Dataset excerpts:
==============================

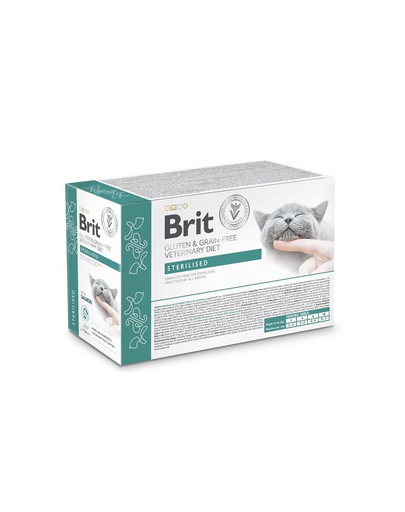 BRIT Veterinary Diet Grain Free Sterilised Cat Fillets in Gravy 12x85g ivartalanított felnőtt macskák számára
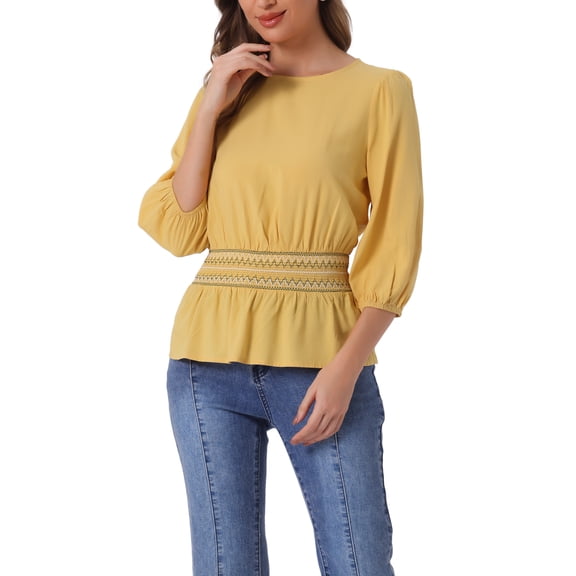 INSPIRE CHIC Women's Peplum Tops Puff Half Sleeve Smocked Waist Blouse M Yellow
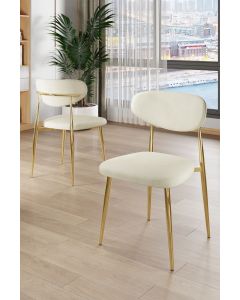 HANAH HOME Set trpezarijskih stolica Vina 4/1, krem/zlatna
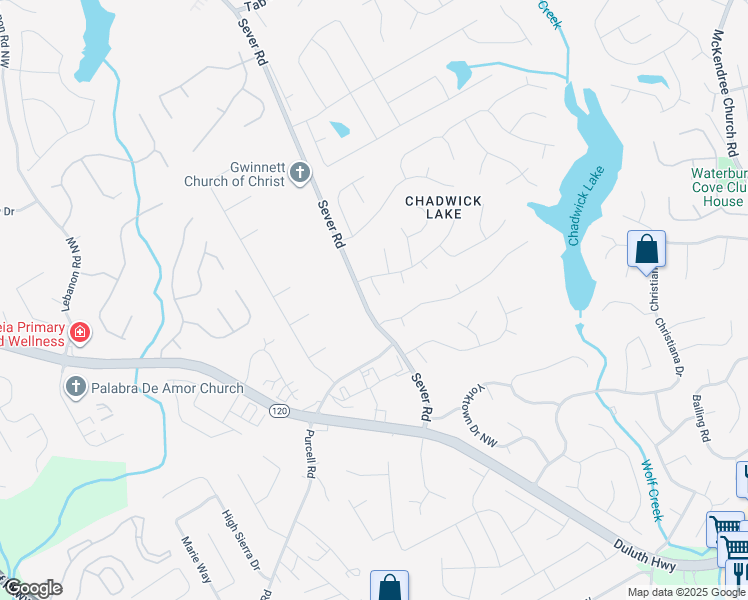 map of restaurants, bars, coffee shops, grocery stores, and more near 1455 Home Place Drive in Lawrenceville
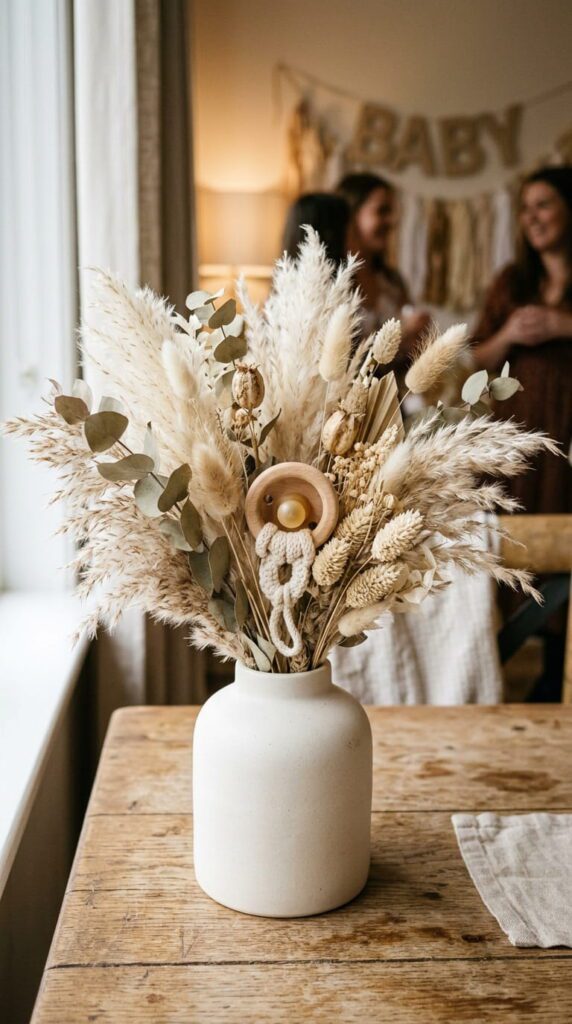 A small wooden pacifier tucked inside a bouquet of white ranunculus and greenery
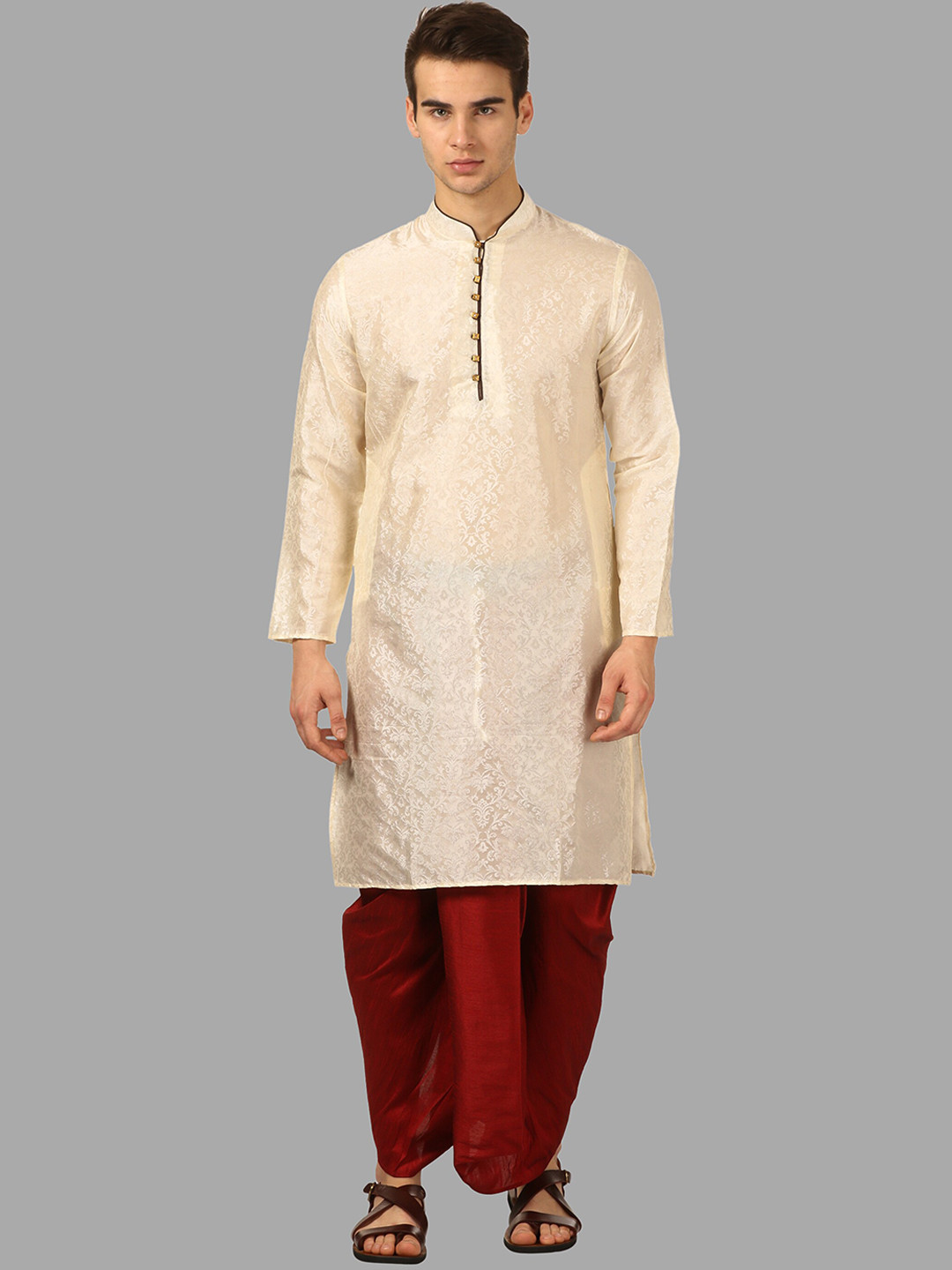 ROYAL KURTA Men Beige & Maroon Floral Kurta with Pyjama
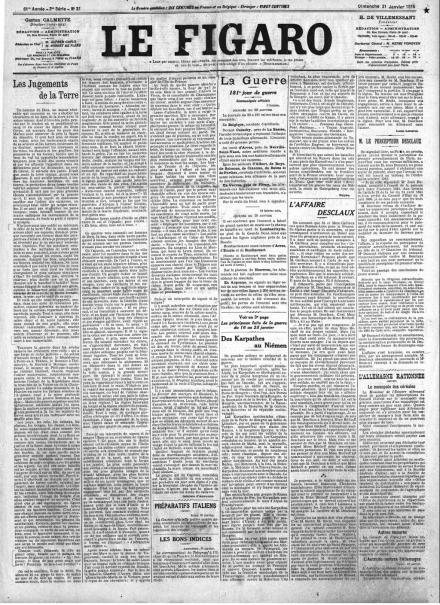 La prima pagina di Le Figaro del 31 gennaio 1915
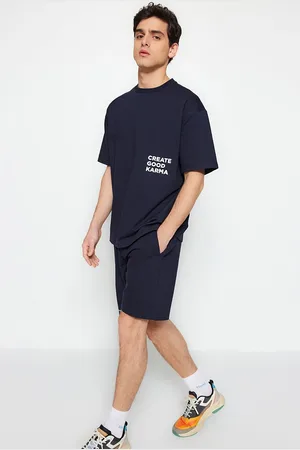 Trendyol Bequemer Trainingsanzug Aus Baumwolle Mit Textaufdruck In Marineblau - für Herren - M
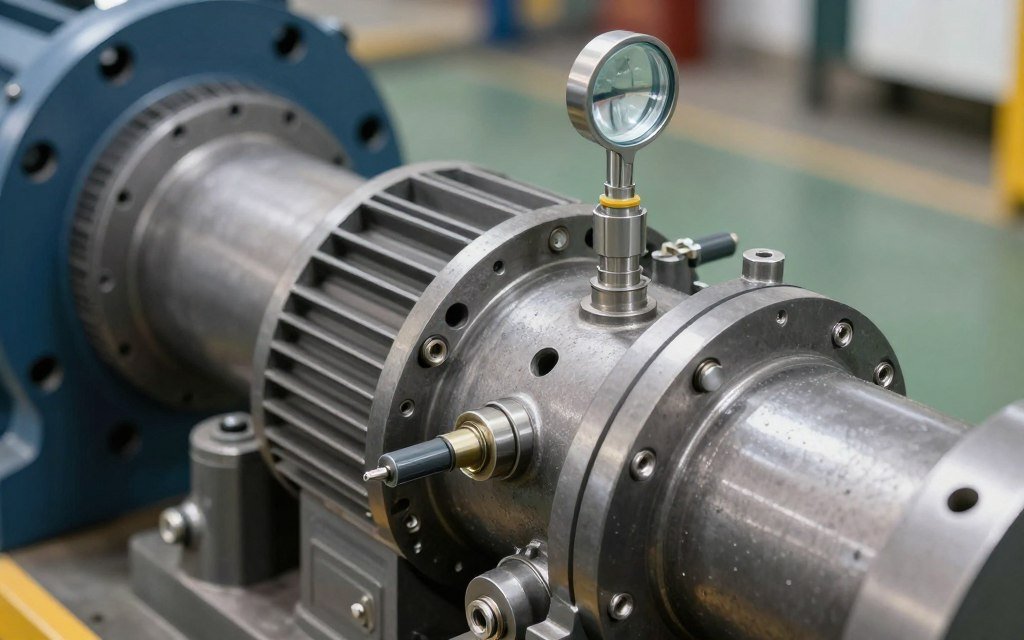 Close-up of lubrication points on biomass pellet mill gearbox with maintenance labels Close-up of lubrication points on biomass pellet mill gearbox with maintenance labels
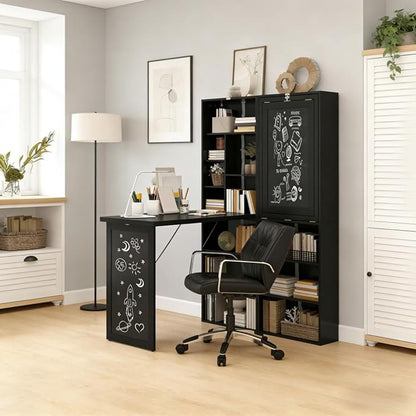 Foldable Wall Mounted Desk with Storage Shelves & Blackboard, Fold-Out Convertible Writing Table for Small Spaces | Space-Saving Floating Computer Desk for Home Office (Black)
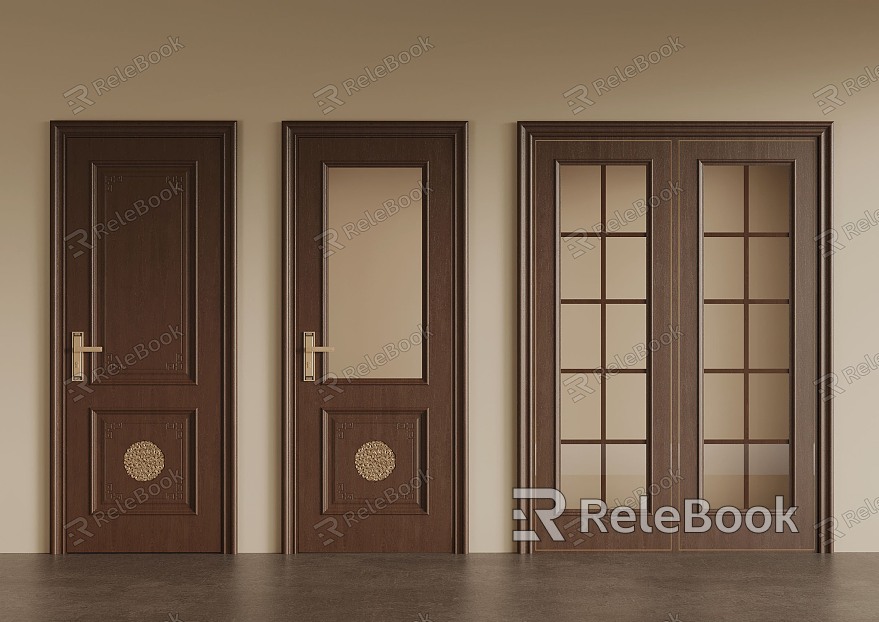 New Chinese style sliding door single door model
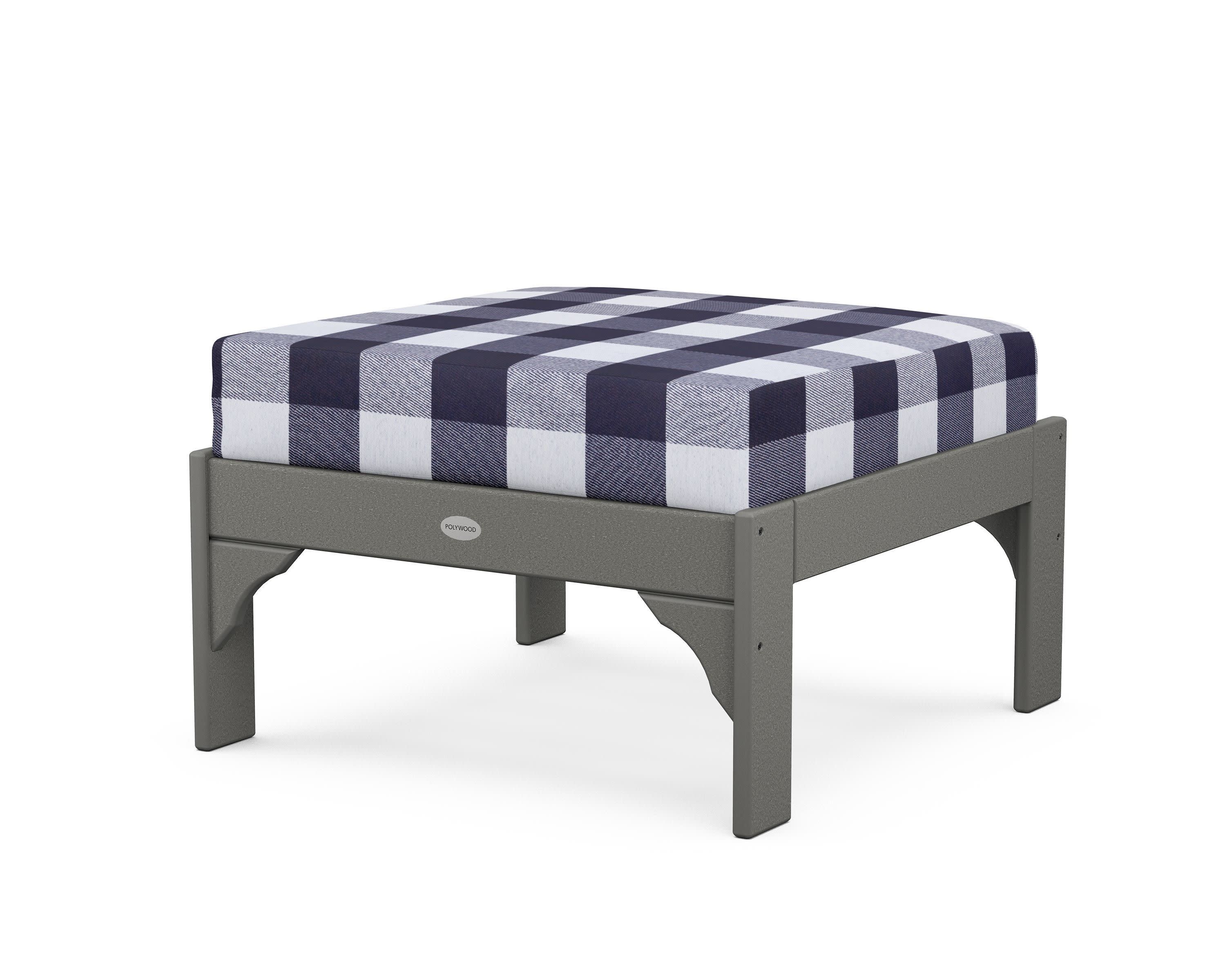 Vineyard Deep Seating Ottoman in Slate Grey / Buffalo Plaid Navy
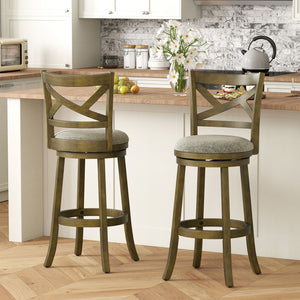 25/30 Inch Swivel Bar Stools Set of 2 with Backrests and Wood Frame-30 inches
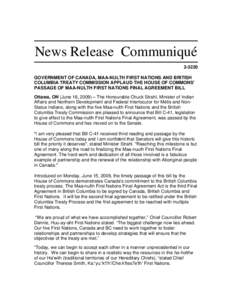 Nuu-chah-nulth / Aboriginal peoples in Canada / Huu-ay-aht First Nations / Maa-nulth First Nations / Uchucklesaht First Nation / British Columbia Treaty Process / Nuu-chah-nulth people / Ucluelet First Nation / Toquaht First Nation / Vancouver Island / First Nations in British Columbia / First Nations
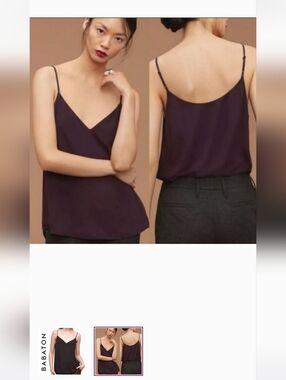 Babaton Plum Silk V-Neck Cami Top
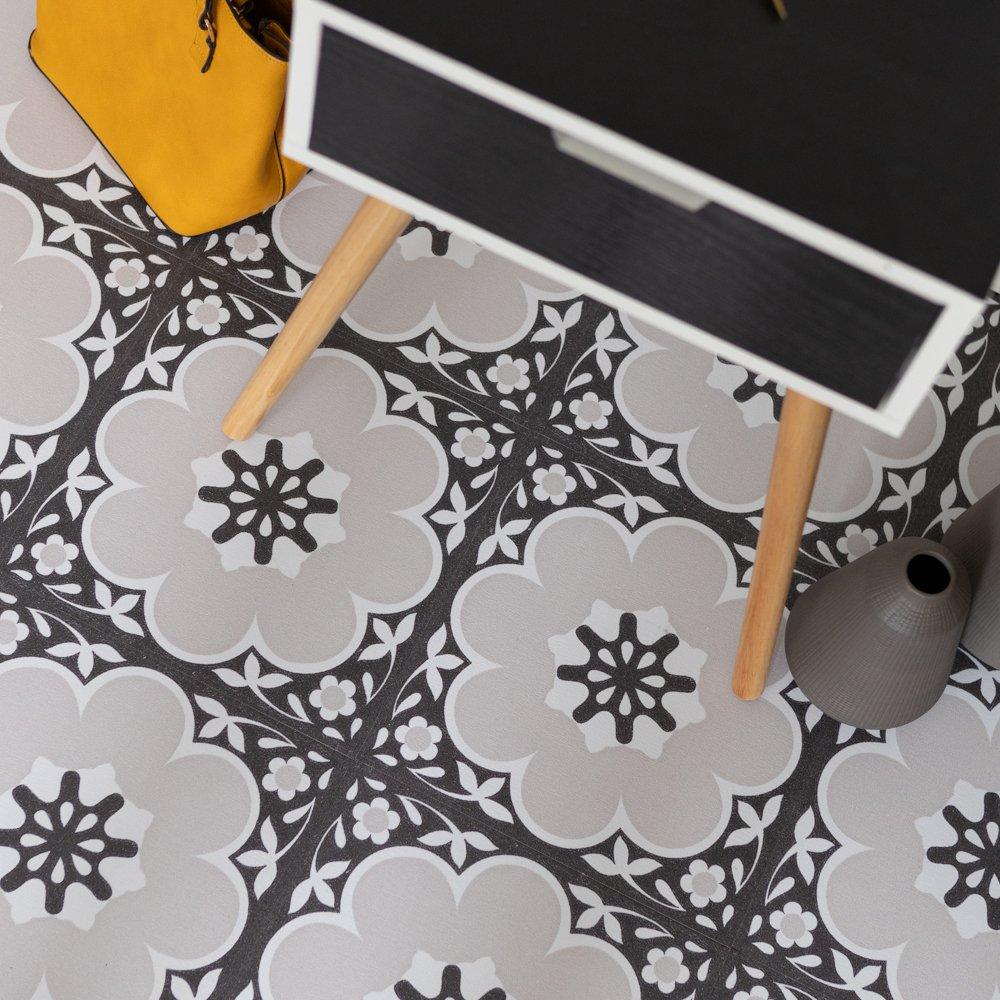 Floor Pops  Self Adhesive Vinyl Floor Tiles Daphne Black - 1.86 SQM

==============================

• _Required action_
Reproduce the records above exactly, but only from the line with "New Chinese style" up to and including the line with "Babaton Plum Silk V-Neck Cami Top". Leave the pictures out.

• _Problem solution_
 New Chinese style sliding door single door model
 Vineyard Deep Seating Ottoman in Slate Grey / Buffalo Plaid Navy
 25/30 Inch Swivel Bar Stools Set of 2 with Backrests and Wood Frame-30 inches
 Nuu-chah-nulth / Aboriginal peoples in Canada / Huu-ay-aht First Nations / Maa-nulth First Nations / Uchucklesaht First Nation / British Columbia Treaty Process / Nuu-chah-nulth people / Ucluelet First Nation / Toquaht First Nation / Vancouver Island / First Nations in British Columbia / First Nations
 Babaton Plum Silk V-Neck Cami Top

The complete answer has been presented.